La storia cambia
Il primo maggio 1517 è ricordato nella storia di Londra come Evil May Day o Ill May Day. Un tragico calendimaggio. Che cosa accadde? Qualche settimana prima, verso Pasqua, un certo predicatore conosciuto come Doctor Bell si era prodigato in un discorso infiammato contro coloro che «toglievano il pane dalla bocca ai bambini senza famiglia».
Si riferiva agli stranieri. In particolar modo ai ciabattini fiamminghi e ai cortigiani francesi che, con la protezione della Corte, «rubavano il lavoro» ai cittadini locali. Bell chiamò i veri inglesi a «difendersi e attaccare gli stranieri per la causa del bene comune». Il sermone di Bell, sebbene accattivante e populista, non aveva un gran contatto con la realtà, perché solo il due per cento della popolazione londinese di allora era straniera.
Ma fece ugualmente grande effetto sulla gente.
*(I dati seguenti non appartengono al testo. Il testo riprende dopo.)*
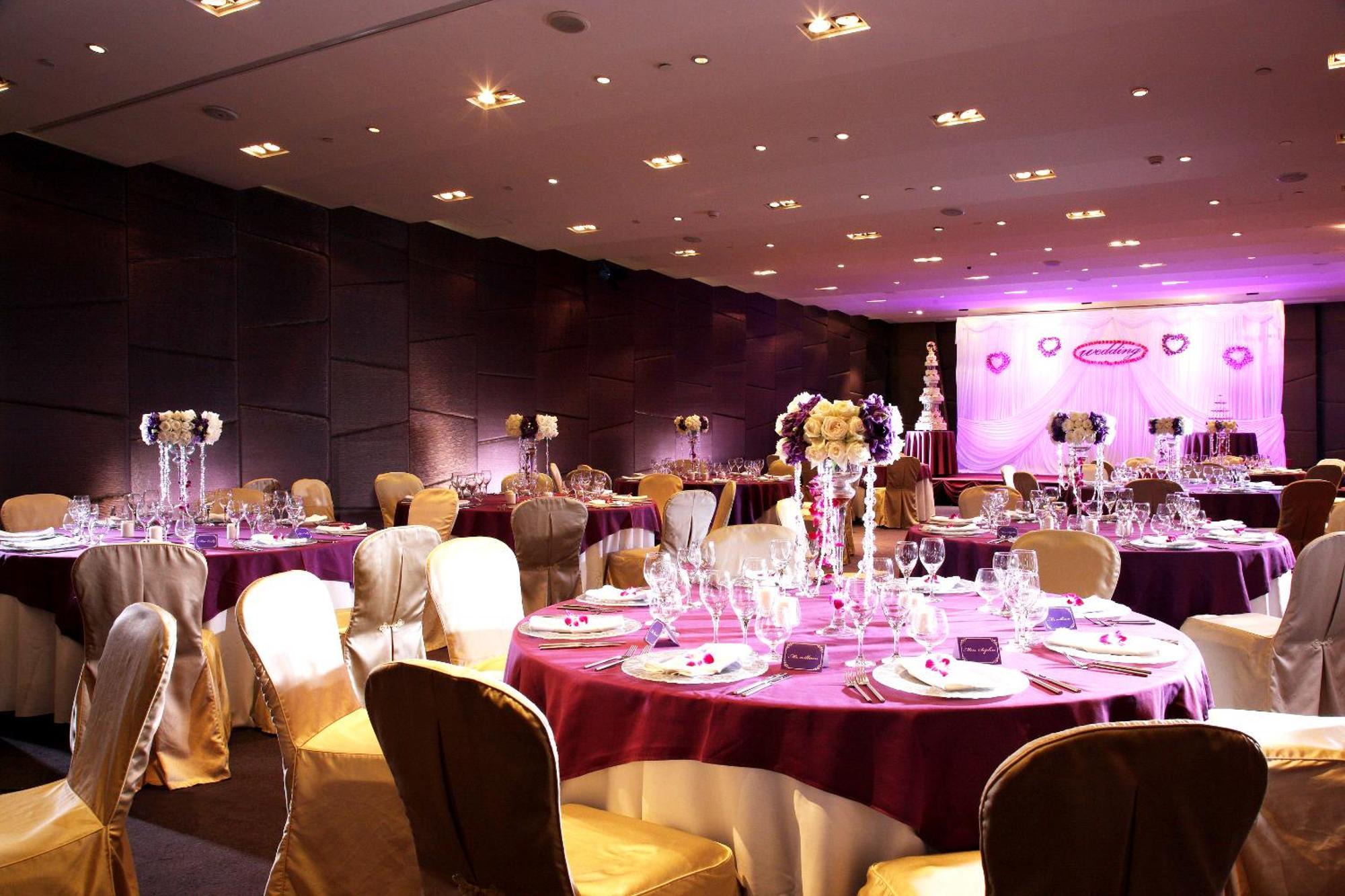Hotel Jianguo 5*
Un capopopolo di nome John Lincoln, un uomo colto, non solo accolse le parole di Bell ma lo spinse a incitare i cittadini a «ribellarsi e trucidare gli stranieri». Il primo maggio John Lincoln, con un gran seguito di folla inferocita, si diresse verso il centro città, al grido “morte agli stranieri”.
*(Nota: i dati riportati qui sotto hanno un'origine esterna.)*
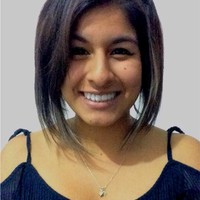 Rosemary Reyes Martinez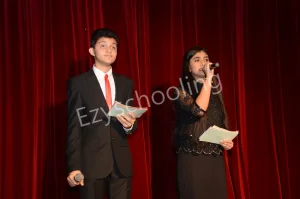 Scottish High International School Gallery 19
Gli andò incontro quello che allora era il vice-sceriffo di Londra, nientepopodimeno che Thomas Moore. Il quale tentò di placare gli animi, ma ci riuscì solo per qualche ora. Poi la folla si esaltò di rabbia e si diede alla violenza e al saccheggio delle botteghe e delle case dei “ruba pane”. Il re, che allora era Enrico VIII, fece intervenire l’esercito che fermò i ribelli senza troppe sottigliezze. Alcuni di essi furono arrestati e poi impiccati, la maggior parte fu rilasciata per intervento della regina consorte Caterina d’Aragona.
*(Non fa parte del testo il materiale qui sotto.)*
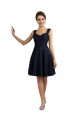 Sleeveless Sweetheart Lace A-Line Bridesmaid Dresses Brisbane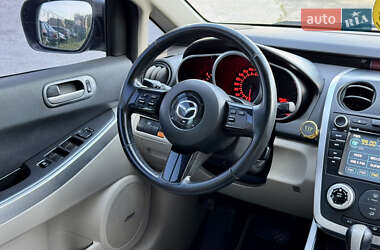 Внедорожник / Кроссовер Mazda CX-7 2007 в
Il caso “Evil May Day” era archiviato. Purtroppo non il suo retaggio xenofobo. Che ritornerà spesso, anche nelle vicende dei nostri giorni. La storia non cambia? Pare che sia così. Ma c’è dell’altro legato a quella vicenda. Un certo commediografo di nome Anthony Munday, un’ottantina d’anni dopo quei fatti, decise di mettere in scena la storia di Thomas Moore. Partendo proprio dall’episodio del tragico candendimaggio. (Un particolare. Per scrivere la scena di folla, Munday si rivolse a quello che allora era e rimarrà il campione indiscusso in materia, William Shakespeare. Il quale accettò).
Il protagonista dell’opera di Munday, Thomas Moore, colto e arguto umanista, era stato il Cancelliere del regno che si era rifiutato di accettare l’Atto di Supremazia, con il quale la Chiesa d’Inghilterra si dividerà poi da quella di Roma. Moore non accettò, appellandosi alla libertà di coscienza. E per questo venne giustiziato.
La sua morte destò scalpore in tutta Europa, anche perché lui era conosciutissimo. Il testo teatrale di Munday, sebbene scritto decenni dopo i fatti, fu censurato e non venne mai messo in scena. Perché la propaganda politica di allora non voleva che Thomas Moore venisse presentato come un eroe, un martire. L’entourage della Corte, per difendere l’immagine dell’ormai defunto Enrico VIII e della figlia regnante Elisabetta I, insisteva sul presentare Moore come un “ostinato caparbio”, eretico ed estremista. La storia non cambia? Pare che sia così.
Anche ai nostri giorni la propaganda politica riesce a far passare un aggressore per benefattore, manipolando a proprio interesse i fatti. Il copione teatrale di Munday fu perciò recluso in qualche dimenticatoio della British Library.
Solo recentemente è stato ritrovato e tradotto anche in italiano (pubblicato ora dai tipi di Feltrinelli col titolo Sir Thomas Moore). Questo testo pone secca e dura una domanda. La storia non cambia? A prima vista pare che – date le recenti news, i discorsi xenofebeggianti e le manipolazioni politiche delle informazioni – sia proprio così. Ma così non è. La storia progredisce. Anche se lentamente, anche se attraverso percorsi tortuosi, nei quali alcuni elementi sembrano difficili da estirpare.
Basta pensare alla libertà di pensiero, per la quale Moore andò alla forca. Lui ci aveva creduto, ora è un valore indiscusso. Almeno in gran parte del mondo. Oggi c’è tanta gente che si impegna perché i fenomeni xenofobici diventino presto storia passata. Questa è la strada della storia.